BEGIN

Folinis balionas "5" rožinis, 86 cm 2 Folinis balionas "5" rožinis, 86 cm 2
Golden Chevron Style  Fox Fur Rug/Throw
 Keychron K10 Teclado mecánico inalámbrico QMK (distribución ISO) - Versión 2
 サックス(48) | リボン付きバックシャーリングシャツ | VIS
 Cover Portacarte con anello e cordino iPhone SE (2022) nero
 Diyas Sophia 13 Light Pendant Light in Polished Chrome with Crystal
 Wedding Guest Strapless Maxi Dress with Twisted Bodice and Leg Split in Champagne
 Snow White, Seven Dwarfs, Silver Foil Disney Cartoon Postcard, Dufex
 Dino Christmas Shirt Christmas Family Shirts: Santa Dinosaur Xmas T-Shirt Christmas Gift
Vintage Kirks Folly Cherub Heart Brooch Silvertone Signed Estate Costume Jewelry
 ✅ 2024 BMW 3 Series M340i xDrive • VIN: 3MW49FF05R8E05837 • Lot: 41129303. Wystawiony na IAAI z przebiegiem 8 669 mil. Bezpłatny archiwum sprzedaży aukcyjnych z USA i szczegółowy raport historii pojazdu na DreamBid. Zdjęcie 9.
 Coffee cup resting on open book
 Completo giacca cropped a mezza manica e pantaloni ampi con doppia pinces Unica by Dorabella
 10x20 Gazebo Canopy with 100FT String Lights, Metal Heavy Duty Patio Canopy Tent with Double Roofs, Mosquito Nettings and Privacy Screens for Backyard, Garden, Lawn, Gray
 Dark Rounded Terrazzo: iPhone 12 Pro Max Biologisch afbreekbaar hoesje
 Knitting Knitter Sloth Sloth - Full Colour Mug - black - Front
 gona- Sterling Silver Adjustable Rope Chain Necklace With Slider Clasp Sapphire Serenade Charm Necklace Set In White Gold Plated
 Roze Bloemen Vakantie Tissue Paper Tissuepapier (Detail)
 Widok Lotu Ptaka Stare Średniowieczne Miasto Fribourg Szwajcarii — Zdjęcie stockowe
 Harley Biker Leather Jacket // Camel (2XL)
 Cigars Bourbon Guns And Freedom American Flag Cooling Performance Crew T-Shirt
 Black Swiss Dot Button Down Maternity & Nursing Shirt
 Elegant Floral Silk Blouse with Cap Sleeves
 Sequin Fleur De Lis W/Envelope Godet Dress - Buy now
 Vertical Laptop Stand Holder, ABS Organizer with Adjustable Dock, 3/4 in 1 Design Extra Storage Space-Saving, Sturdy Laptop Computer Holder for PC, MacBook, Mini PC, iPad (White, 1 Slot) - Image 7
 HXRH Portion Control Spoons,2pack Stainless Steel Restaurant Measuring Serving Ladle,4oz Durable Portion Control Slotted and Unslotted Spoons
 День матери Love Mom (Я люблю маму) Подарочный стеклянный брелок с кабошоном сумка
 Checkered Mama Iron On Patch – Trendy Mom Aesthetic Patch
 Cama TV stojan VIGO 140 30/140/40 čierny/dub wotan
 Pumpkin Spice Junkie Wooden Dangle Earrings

END

■ **WHAT THIS TASK INVOLVES**
From the records, work out how many lines include "White" and respond with the number only.

■ **TASK RESPONSE**
3